- What you need to do
Write out exactly the line containing "Book Ribbon Vector Line Icon Design" along with each line that follows it in the records below, and no others.

- Dataset
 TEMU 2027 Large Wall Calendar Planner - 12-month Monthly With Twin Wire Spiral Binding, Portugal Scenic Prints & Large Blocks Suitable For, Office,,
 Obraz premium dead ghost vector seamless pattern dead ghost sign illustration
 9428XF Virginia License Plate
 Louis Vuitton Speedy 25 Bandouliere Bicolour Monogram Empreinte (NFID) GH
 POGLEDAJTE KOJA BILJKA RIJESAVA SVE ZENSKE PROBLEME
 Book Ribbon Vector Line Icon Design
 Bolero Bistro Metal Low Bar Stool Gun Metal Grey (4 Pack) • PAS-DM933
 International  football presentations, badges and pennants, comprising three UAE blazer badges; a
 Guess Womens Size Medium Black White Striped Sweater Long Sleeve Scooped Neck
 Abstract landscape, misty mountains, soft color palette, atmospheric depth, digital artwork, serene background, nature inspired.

- Expected answer
 Book Ribbon Vector Line Icon Design
 Bolero Bistro Metal Low Bar Stool Gun Metal Grey (4 Pack) • PAS-DM933
 International  football presentations, badges and pennants, comprising three UAE blazer badges; a
 Guess Womens Size Medium Black White Striped Sweater Long Sleeve Scooped Neck
 Abstract landscape, misty mountains, soft color palette, atmospheric depth, digital artwork, serene background, nature inspired.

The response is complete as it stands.